* _YOUR OBJECTIVE_
Somewhere below is a line with "Piatto di carne e verdure" and, later, a line with "Bopita ledikant, matras en wandplank"; repeat those two lines and all the lines between them, exactly as they are.

* _RECORDS SUPPLIED_

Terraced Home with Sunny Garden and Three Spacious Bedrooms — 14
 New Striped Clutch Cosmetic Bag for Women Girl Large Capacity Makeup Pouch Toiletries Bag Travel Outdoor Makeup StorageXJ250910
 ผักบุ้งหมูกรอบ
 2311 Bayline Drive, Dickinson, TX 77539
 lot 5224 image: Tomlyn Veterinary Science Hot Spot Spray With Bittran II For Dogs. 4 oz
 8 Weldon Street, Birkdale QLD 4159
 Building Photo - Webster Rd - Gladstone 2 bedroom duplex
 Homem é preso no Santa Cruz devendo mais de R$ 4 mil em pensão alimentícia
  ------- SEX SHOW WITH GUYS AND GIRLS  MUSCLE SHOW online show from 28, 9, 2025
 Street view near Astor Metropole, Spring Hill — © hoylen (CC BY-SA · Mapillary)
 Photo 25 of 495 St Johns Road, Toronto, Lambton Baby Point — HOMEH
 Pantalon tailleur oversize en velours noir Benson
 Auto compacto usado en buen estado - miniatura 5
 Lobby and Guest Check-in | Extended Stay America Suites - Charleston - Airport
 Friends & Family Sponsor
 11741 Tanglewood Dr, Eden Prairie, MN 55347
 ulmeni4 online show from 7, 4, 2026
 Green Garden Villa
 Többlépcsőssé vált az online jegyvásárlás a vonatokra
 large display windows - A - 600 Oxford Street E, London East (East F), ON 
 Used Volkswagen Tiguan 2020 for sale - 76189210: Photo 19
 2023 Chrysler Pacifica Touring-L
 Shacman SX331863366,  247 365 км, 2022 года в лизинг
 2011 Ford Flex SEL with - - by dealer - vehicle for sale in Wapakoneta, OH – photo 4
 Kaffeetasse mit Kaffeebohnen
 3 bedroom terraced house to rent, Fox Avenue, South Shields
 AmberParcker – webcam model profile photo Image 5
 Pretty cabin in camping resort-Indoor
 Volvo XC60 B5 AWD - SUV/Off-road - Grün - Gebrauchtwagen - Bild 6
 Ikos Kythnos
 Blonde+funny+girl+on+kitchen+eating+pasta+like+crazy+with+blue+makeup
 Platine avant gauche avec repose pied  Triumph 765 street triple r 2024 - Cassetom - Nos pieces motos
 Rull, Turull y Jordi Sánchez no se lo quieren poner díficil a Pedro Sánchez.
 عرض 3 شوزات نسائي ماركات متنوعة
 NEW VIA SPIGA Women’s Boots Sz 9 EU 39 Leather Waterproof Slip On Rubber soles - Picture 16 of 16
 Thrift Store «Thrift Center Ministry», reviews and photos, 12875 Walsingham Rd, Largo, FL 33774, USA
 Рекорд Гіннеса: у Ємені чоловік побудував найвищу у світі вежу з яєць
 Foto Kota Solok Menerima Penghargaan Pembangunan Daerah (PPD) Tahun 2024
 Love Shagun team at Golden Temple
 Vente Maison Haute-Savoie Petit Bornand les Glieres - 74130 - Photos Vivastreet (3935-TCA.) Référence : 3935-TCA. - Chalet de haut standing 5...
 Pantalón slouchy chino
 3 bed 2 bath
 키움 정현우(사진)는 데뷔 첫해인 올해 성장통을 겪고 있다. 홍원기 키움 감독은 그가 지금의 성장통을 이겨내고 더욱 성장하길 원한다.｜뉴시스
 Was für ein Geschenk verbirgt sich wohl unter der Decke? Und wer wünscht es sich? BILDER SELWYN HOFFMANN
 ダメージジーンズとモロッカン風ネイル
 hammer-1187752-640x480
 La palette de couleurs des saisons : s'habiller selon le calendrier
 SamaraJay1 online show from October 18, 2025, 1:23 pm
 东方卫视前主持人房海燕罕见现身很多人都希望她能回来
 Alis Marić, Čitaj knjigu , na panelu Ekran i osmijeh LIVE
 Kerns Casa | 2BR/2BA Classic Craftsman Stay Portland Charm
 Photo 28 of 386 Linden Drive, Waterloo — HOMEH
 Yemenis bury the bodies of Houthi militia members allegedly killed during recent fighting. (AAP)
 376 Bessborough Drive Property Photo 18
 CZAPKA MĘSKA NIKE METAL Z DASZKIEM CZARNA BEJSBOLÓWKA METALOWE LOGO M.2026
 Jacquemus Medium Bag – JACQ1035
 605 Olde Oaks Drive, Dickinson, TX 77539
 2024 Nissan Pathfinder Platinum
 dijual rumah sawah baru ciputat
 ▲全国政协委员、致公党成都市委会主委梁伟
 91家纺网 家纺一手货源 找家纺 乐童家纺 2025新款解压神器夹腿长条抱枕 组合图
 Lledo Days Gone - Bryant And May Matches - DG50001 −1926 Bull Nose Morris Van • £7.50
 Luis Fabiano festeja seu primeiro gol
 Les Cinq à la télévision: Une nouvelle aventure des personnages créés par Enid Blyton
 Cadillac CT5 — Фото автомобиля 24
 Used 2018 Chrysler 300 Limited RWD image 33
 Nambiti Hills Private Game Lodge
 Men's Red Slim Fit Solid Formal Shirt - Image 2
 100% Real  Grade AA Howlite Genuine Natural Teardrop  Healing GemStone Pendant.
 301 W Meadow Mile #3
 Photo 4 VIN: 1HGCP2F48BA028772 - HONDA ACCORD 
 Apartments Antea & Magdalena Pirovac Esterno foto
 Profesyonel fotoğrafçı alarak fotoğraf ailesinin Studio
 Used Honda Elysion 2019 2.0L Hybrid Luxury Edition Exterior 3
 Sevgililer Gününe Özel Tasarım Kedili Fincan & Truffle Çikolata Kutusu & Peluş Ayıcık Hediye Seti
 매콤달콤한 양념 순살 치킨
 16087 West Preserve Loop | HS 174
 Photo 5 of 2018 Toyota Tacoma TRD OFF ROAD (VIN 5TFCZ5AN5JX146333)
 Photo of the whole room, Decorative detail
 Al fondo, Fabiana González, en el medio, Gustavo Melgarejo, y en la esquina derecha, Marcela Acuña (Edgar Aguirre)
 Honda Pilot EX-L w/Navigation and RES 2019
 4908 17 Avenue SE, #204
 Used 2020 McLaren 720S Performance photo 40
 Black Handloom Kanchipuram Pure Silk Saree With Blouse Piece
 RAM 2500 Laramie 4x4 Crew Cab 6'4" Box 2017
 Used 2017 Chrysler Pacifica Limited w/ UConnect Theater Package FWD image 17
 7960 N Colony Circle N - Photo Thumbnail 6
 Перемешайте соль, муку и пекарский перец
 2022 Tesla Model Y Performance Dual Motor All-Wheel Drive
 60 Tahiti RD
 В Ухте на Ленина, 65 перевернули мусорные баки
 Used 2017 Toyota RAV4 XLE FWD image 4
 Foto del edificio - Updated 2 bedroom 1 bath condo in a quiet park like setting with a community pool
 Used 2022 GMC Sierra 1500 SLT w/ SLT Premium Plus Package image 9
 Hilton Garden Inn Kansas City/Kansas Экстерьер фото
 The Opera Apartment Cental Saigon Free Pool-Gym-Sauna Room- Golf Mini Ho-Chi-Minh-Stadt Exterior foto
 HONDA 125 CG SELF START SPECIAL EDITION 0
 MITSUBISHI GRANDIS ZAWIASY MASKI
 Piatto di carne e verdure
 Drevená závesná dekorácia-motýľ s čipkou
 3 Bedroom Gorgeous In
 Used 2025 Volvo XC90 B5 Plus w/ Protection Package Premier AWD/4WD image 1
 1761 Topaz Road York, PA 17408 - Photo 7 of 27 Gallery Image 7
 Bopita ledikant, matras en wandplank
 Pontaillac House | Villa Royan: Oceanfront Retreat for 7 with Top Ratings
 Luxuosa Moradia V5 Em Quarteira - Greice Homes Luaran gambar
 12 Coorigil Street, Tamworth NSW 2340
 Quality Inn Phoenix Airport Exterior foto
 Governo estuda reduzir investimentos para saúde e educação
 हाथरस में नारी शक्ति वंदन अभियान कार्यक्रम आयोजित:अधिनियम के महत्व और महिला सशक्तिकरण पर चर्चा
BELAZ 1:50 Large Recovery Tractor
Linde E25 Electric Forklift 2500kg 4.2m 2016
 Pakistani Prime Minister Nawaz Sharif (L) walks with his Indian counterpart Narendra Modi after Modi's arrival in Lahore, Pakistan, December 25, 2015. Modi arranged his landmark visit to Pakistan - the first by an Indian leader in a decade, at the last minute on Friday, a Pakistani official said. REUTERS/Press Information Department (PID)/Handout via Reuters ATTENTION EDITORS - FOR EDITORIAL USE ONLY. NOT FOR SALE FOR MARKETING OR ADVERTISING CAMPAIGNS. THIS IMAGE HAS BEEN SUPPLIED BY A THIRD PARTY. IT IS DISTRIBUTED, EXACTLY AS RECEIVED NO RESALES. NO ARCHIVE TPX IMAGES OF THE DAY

* _RESULT FOR THIS EXERCISE_
 Piatto di carne e verdure
 Drevená závesná dekorácia-motýľ s čipkou
 3 Bedroom Gorgeous In
 Used 2025 Volvo XC90 B5 Plus w/ Protection Package Premier AWD/4WD image 1
 1761 Topaz Road York, PA 17408 - Photo 7 of 27 Gallery Image 7
 Bopita ledikant, matras en wandplank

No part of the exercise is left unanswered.